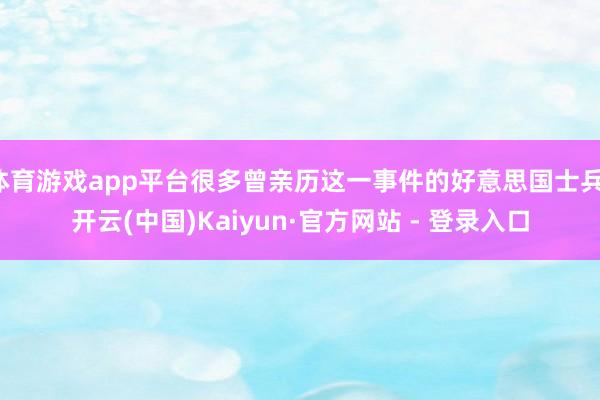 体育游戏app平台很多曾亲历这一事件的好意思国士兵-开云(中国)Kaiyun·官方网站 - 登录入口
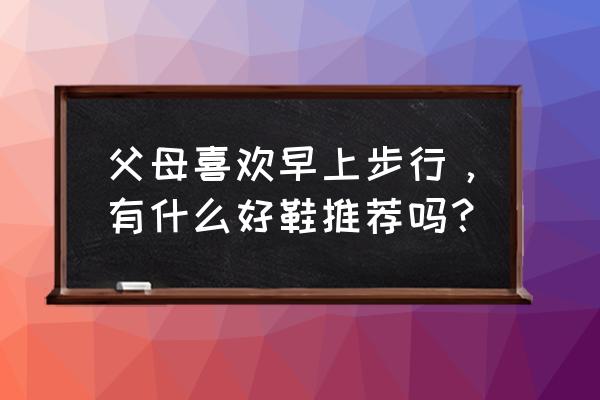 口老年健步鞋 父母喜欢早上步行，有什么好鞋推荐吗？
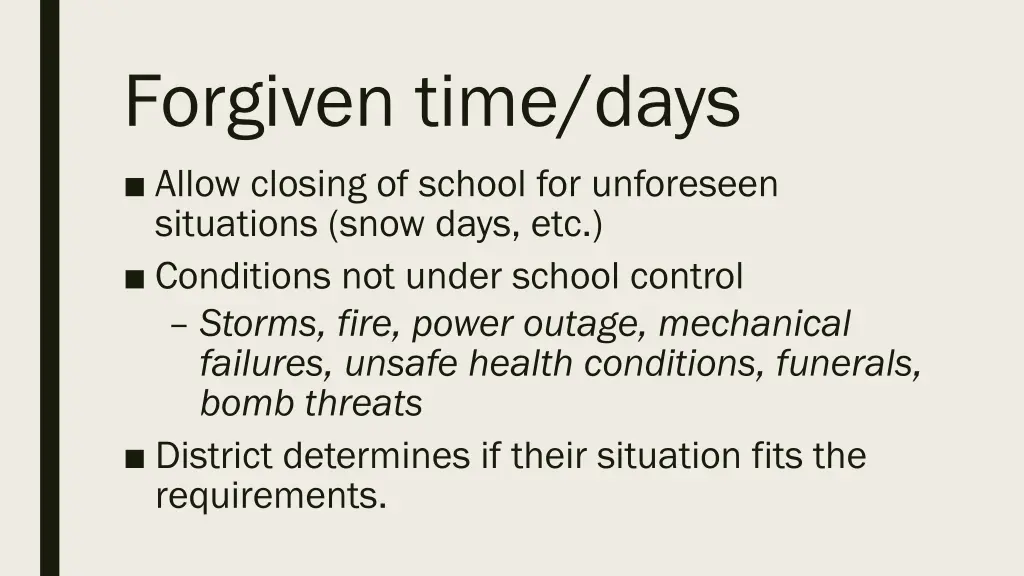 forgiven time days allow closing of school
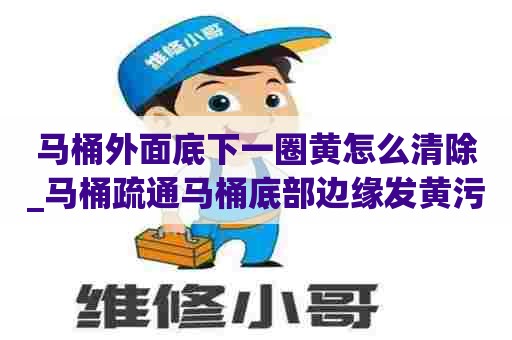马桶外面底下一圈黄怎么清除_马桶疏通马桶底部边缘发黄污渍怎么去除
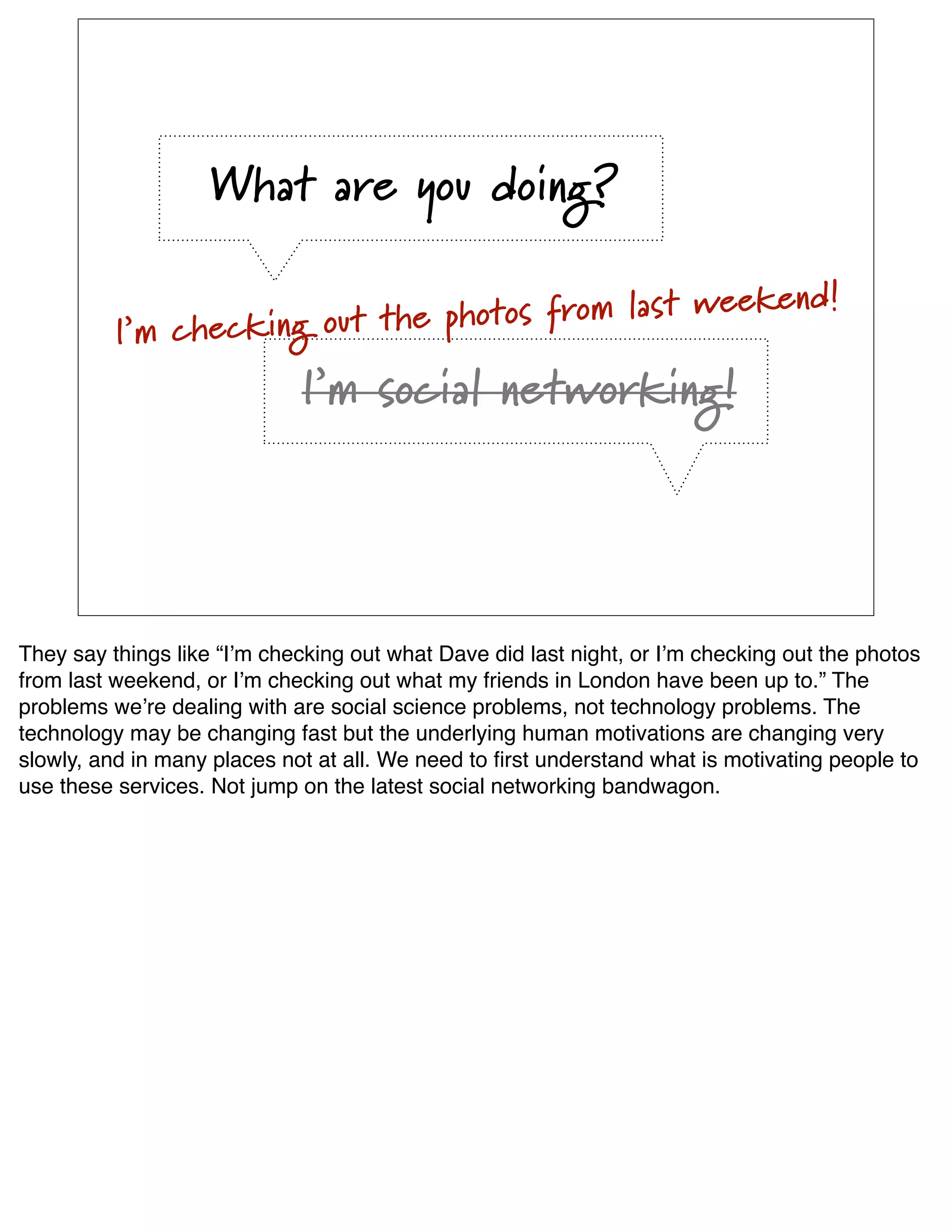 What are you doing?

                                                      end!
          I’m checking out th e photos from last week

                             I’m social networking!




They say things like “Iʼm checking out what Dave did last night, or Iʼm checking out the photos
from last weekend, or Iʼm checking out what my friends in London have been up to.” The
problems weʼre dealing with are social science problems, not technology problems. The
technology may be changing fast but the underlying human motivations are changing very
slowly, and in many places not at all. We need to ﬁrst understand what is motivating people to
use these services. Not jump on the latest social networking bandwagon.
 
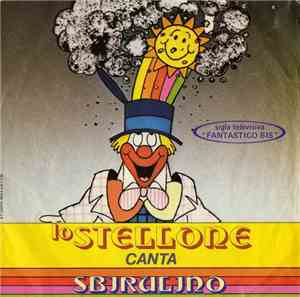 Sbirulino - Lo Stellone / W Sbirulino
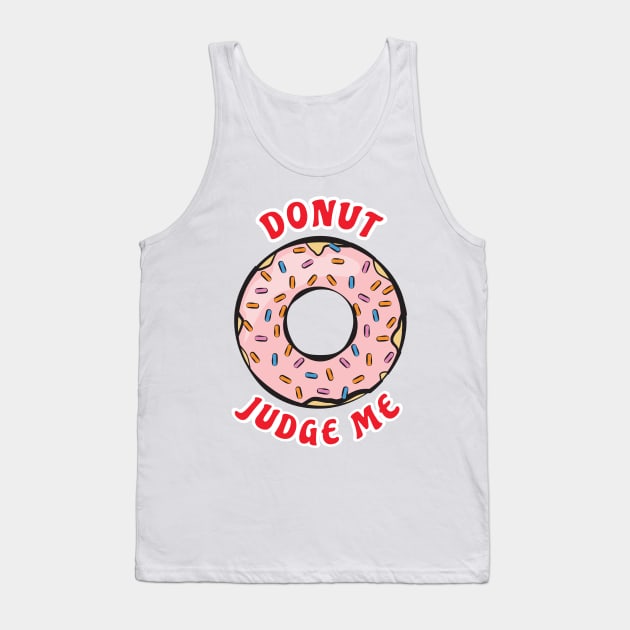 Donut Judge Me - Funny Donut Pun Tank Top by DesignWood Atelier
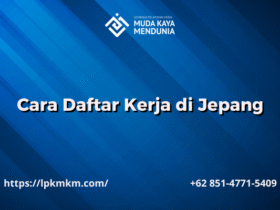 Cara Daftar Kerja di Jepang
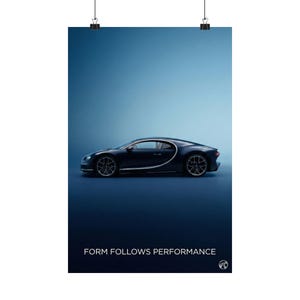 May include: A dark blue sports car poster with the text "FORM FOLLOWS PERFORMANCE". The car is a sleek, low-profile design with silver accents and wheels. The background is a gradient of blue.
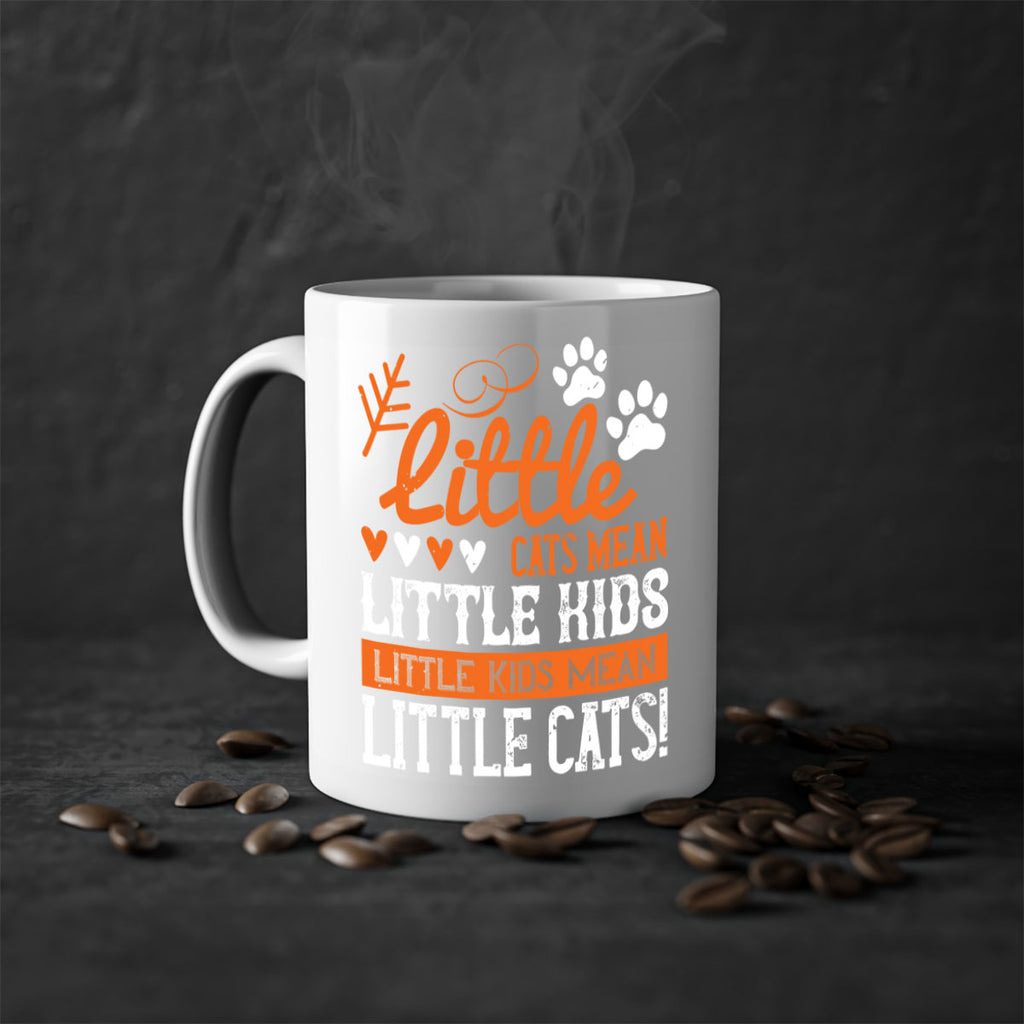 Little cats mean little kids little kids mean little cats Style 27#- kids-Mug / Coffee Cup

* * *

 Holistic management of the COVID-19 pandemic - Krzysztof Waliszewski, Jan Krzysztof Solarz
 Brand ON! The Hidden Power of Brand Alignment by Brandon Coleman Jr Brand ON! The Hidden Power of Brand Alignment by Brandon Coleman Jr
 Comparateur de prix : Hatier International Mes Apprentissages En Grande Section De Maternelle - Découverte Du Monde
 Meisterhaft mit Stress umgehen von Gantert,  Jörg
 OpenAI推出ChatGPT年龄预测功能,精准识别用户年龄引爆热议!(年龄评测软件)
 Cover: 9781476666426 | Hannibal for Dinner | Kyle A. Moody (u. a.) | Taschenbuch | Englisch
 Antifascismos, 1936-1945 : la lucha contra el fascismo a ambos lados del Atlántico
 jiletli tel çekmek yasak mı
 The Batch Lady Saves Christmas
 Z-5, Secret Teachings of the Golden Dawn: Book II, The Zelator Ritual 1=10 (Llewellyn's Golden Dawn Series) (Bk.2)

...

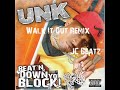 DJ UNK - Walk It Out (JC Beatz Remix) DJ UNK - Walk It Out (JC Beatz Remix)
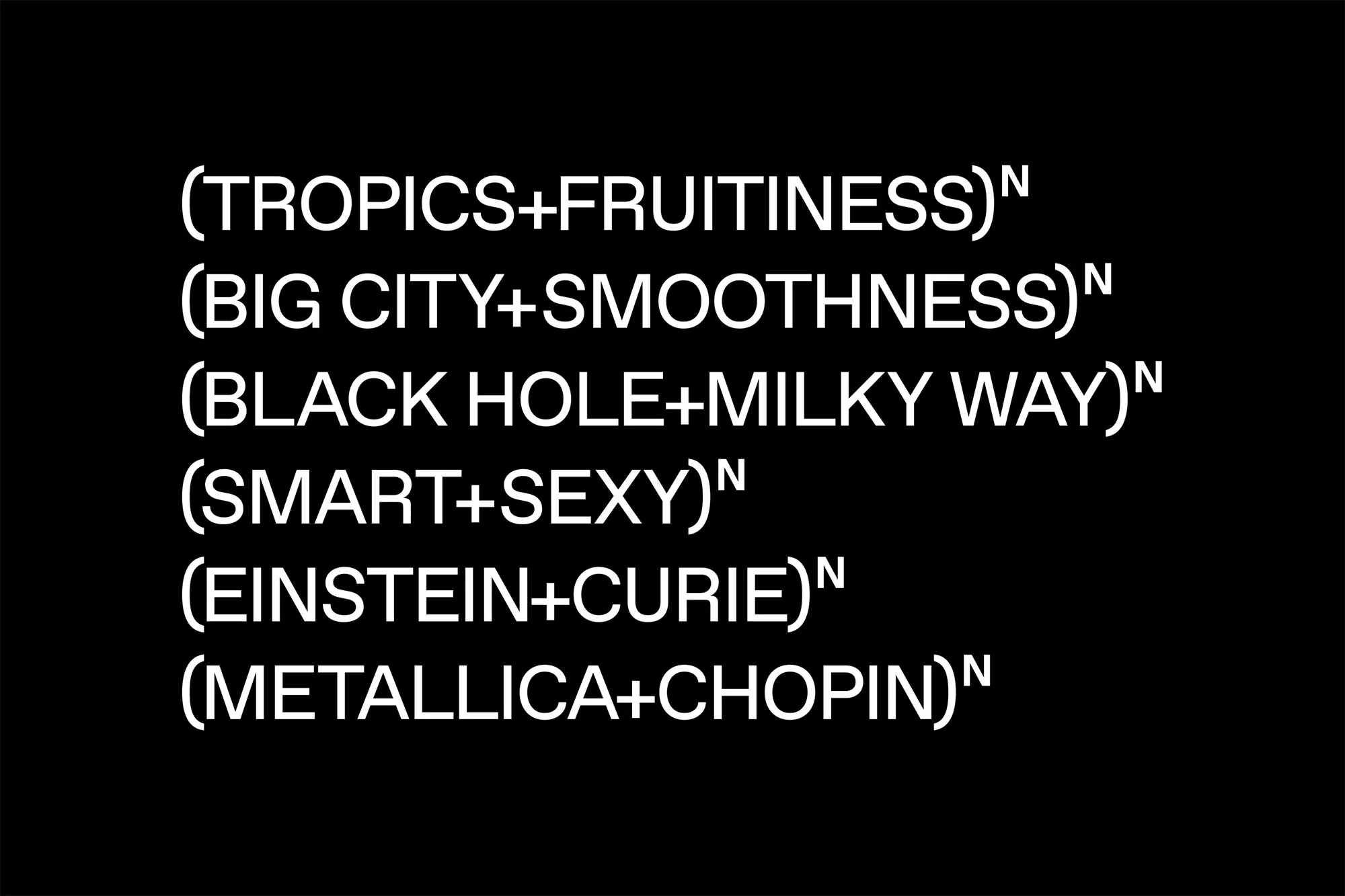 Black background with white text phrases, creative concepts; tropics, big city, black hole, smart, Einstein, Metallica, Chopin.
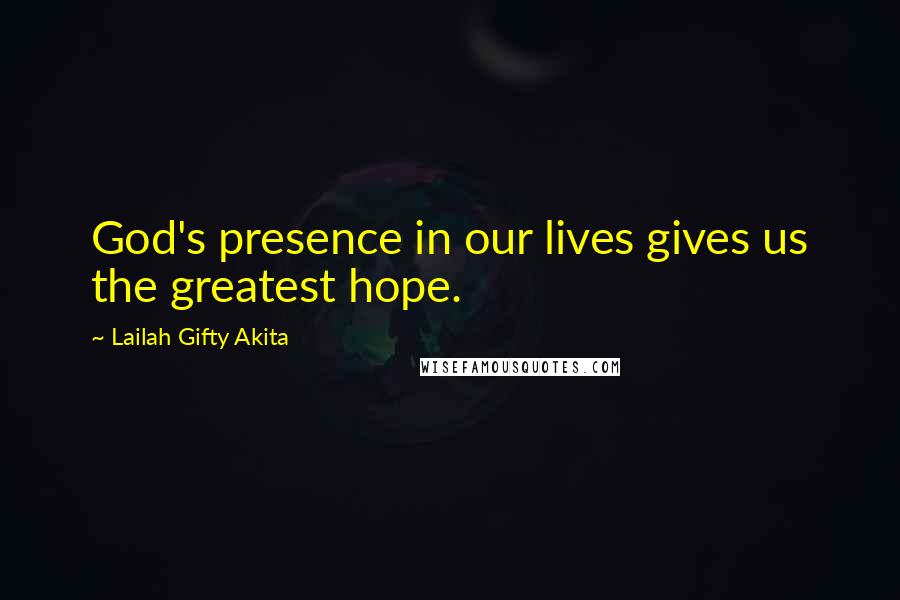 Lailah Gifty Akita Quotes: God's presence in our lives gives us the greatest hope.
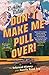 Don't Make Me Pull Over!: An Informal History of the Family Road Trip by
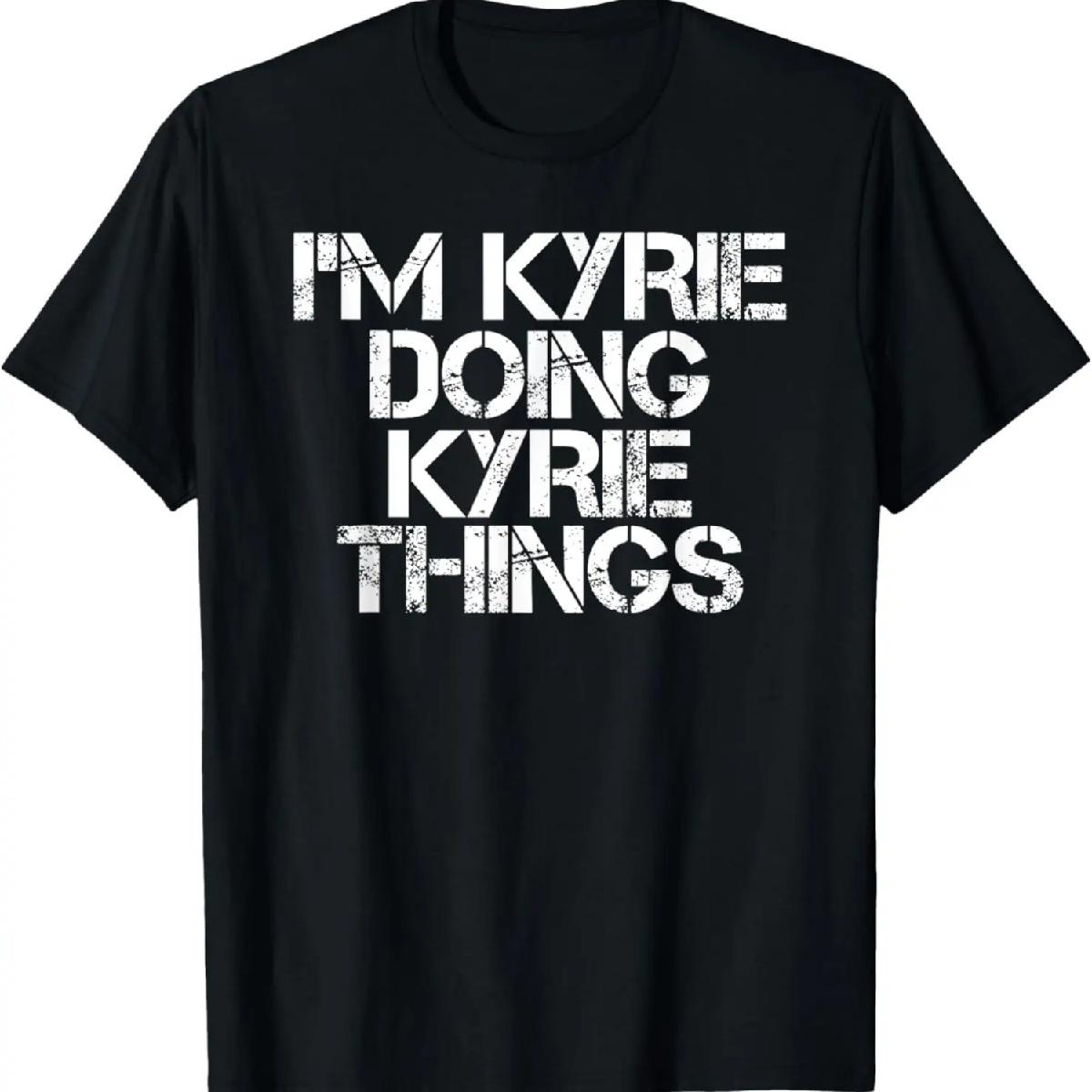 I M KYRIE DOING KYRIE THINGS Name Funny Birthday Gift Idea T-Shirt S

**Your instructions:** Collect the lines of the records that include the string "checking".

**Task result:**
          I’m checking out th e photos from last week
They say things like “Iʼm checking out what Dave did last night, or Iʼm checking out the photos
from last weekend, or Iʼm checking out what my friends in London have been up to.” The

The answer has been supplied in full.